*** SUPPLIED INFORMATION Section Begins ***

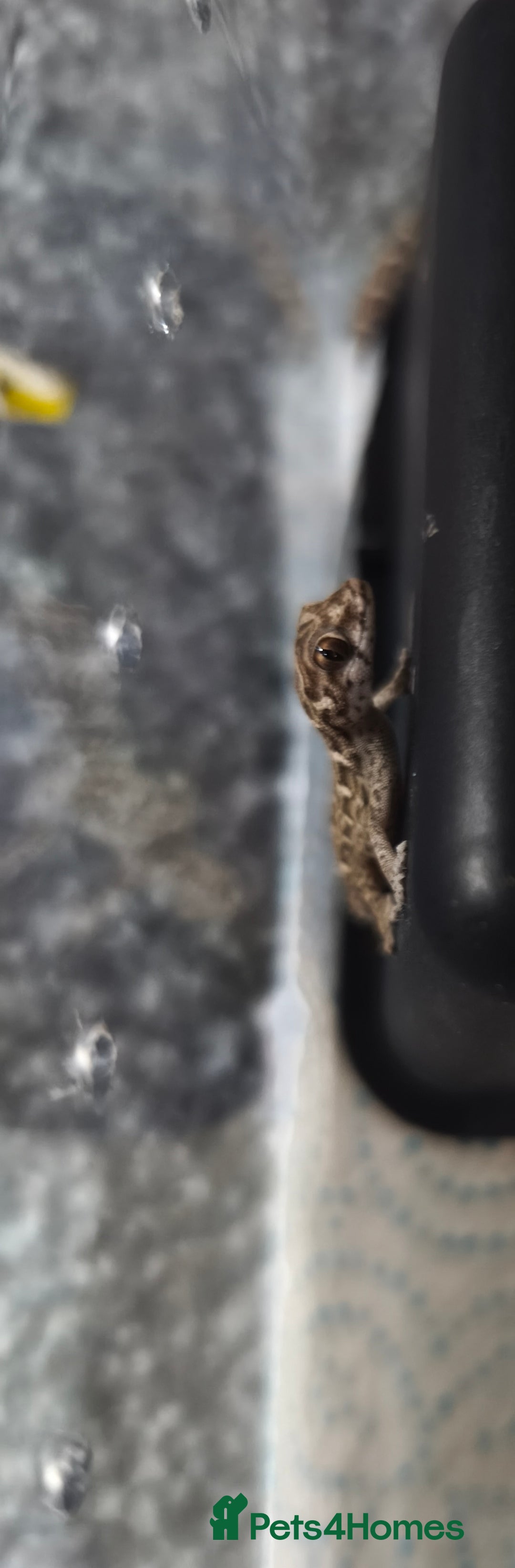 Gecko reptiles for sale: Viper geckos for sale  - Image 1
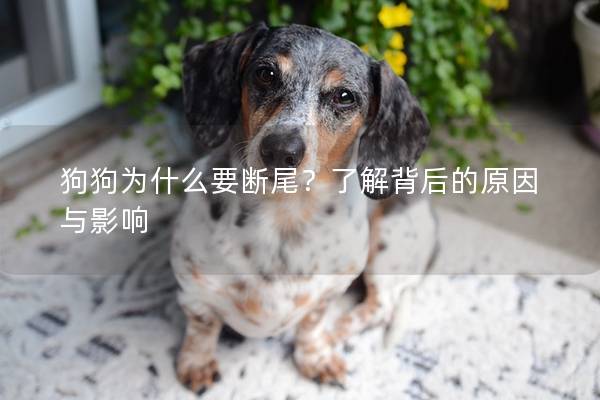 狗狗为什么要断尾？了解背后的原因与影响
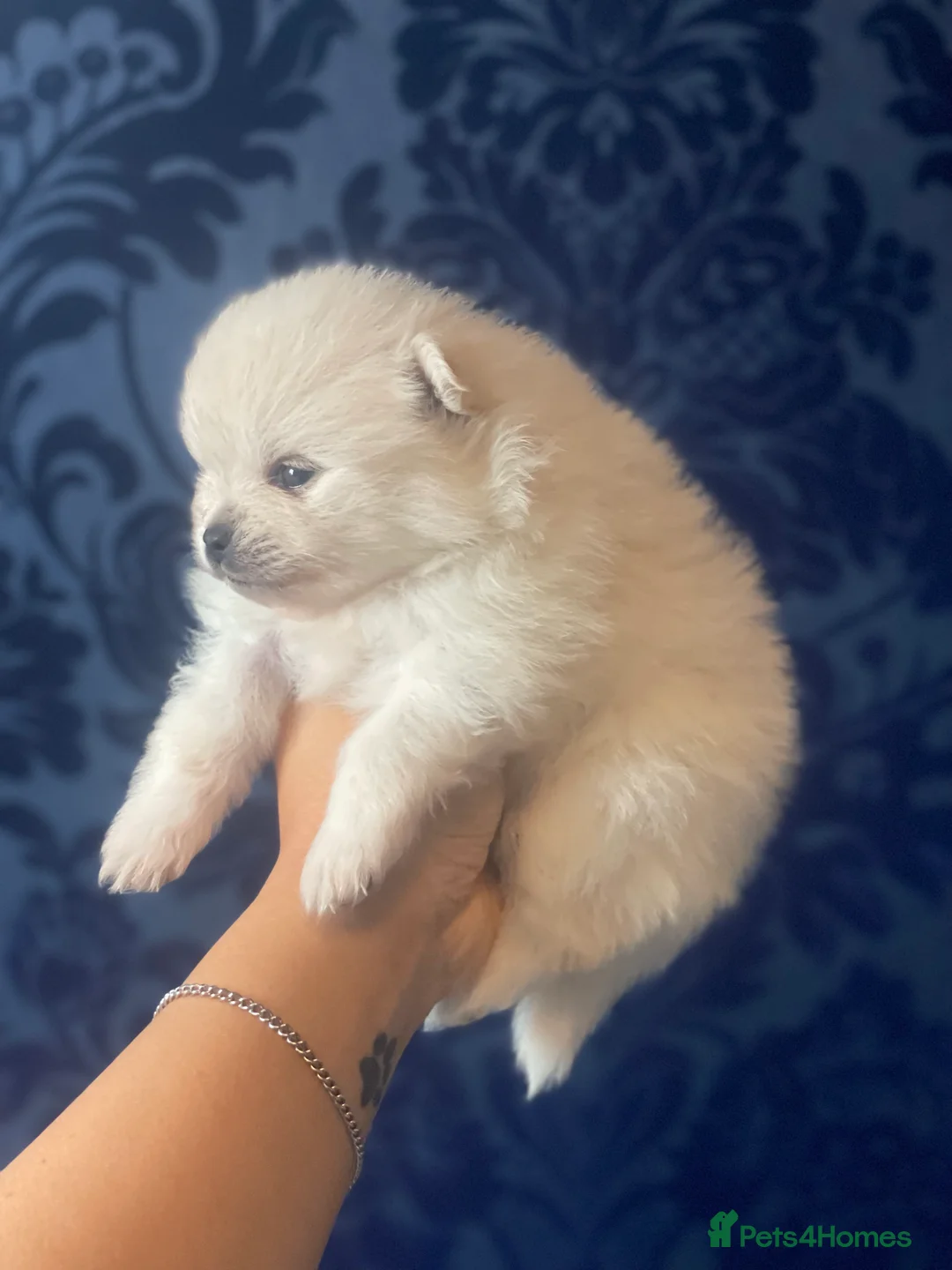 Pomeranian dogs for sale: White KENNEL CLUB Registered CHAMPION Bloodlines - Advert 13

*** SUPPLIED INFORMATION Section Ends ***

> _WHAT YOU NEED TO DO_
Pictures aside, reproduce all of the material above without alteration.

> _TASK OUTPUT_
 Gecko reptiles for sale: Viper geckos for sale  - Image 1
 狗狗为什么要断尾？了解背后的原因与影响
 Pomeranian dogs for sale: White KENNEL CLUB Registered CHAMPION Bloodlines - Advert 13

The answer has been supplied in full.